:: Supplied material ::

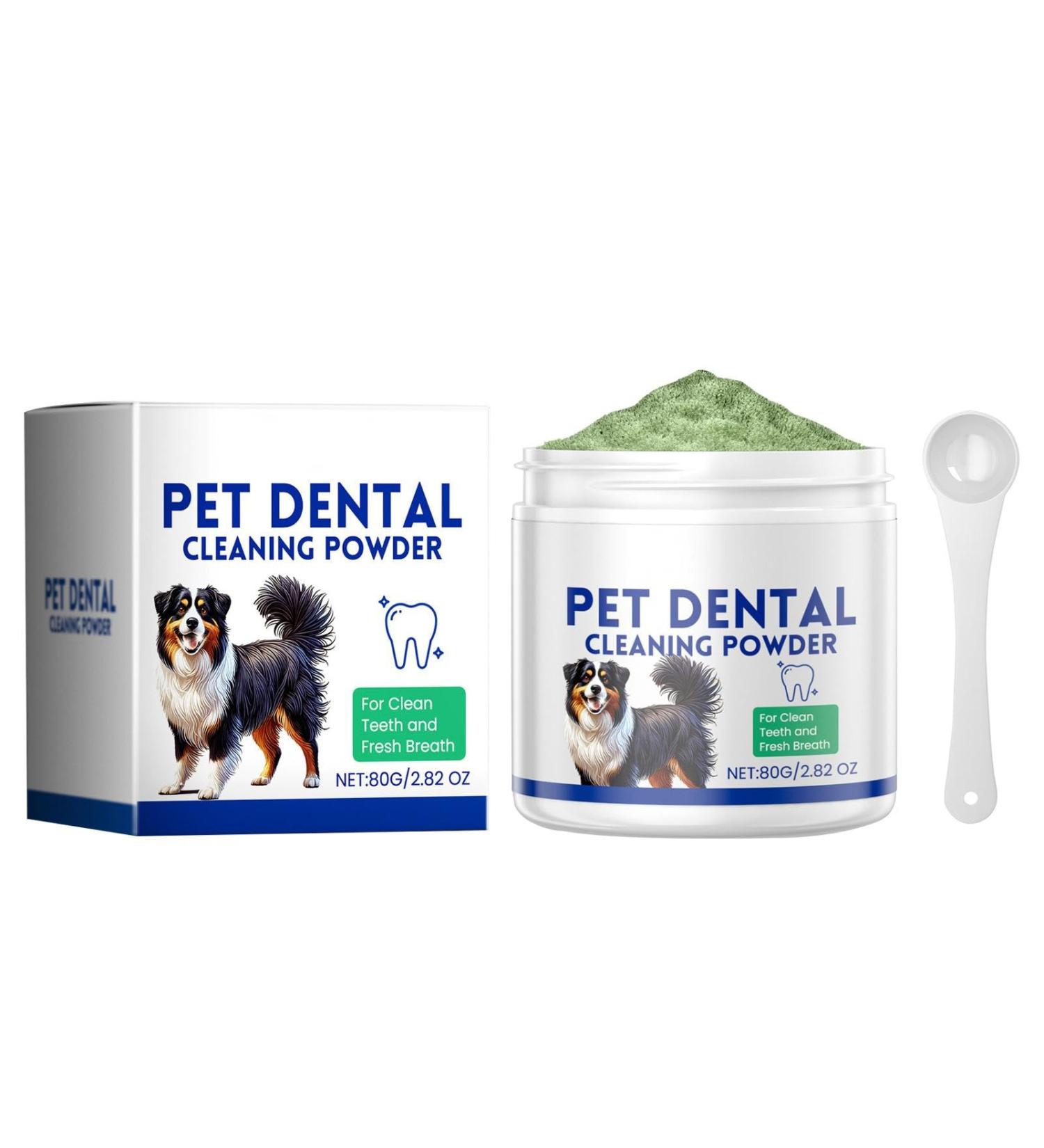 Dog Teeth Cleaning Powder - 80g Gentle Green Powder Dog Stain Remover | Dog Breath Freshener Teeth Care Products Safe Plaqueoff Powder for All Dog Types - Buy Online on GoSupps.com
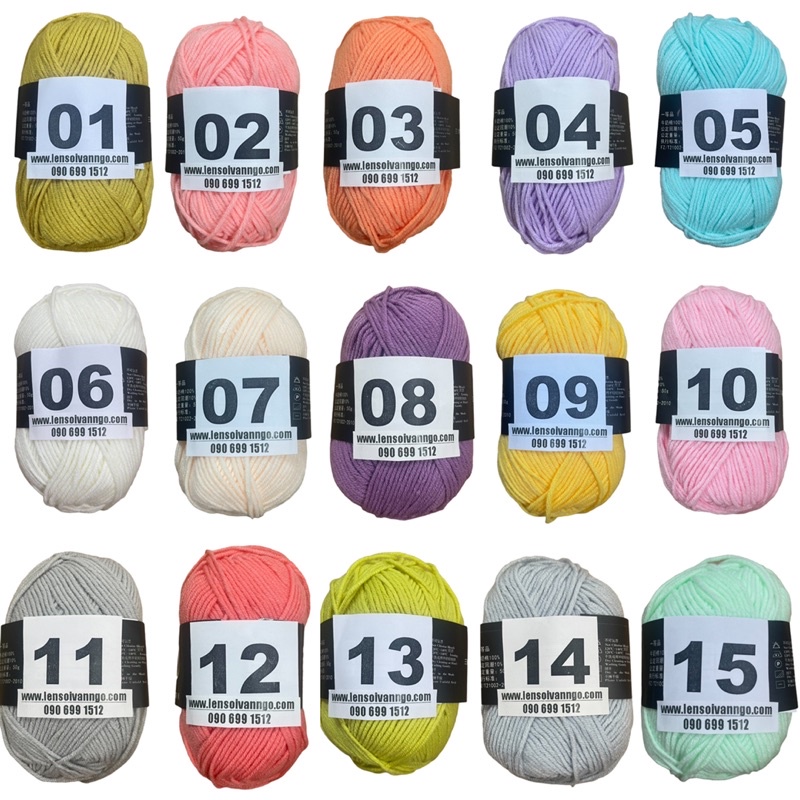 Len Milk Cotton mác đen (cuộn 50gr) (Bảng màu 1)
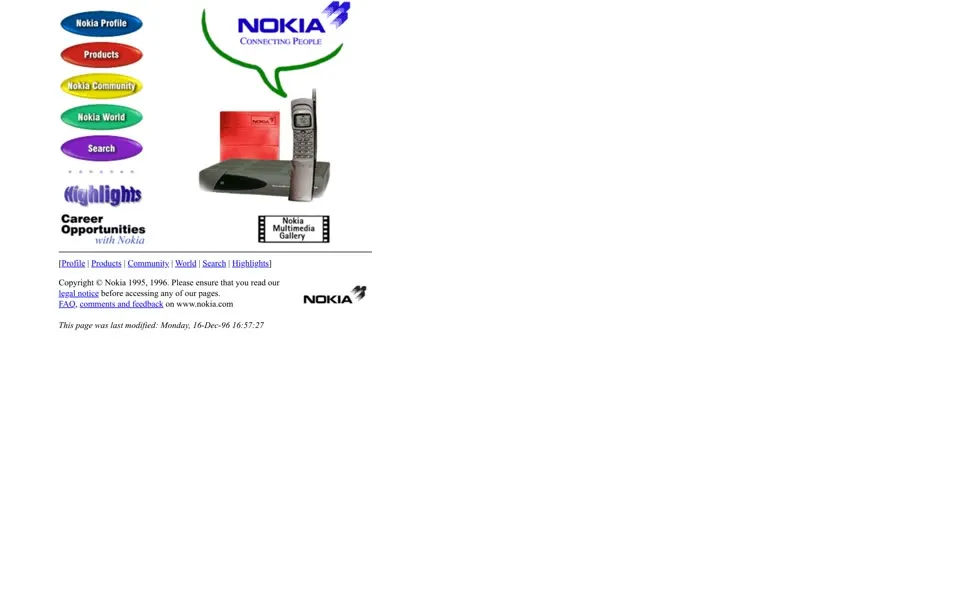 nokia.com homepage in 1996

:::

__Required action__: Give back the data exactly. Pictures stay out.

__Reply__:
 Dog Teeth Cleaning Powder - 80g Gentle Green Powder Dog Stain Remover | Dog Breath Freshener Teeth Care Products Safe Plaqueoff Powder for All Dog Types - Buy Online on GoSupps.com
 Len Milk Cotton mác đen (cuộn 50gr) (Bảng màu 1)
 nokia.com homepage in 1996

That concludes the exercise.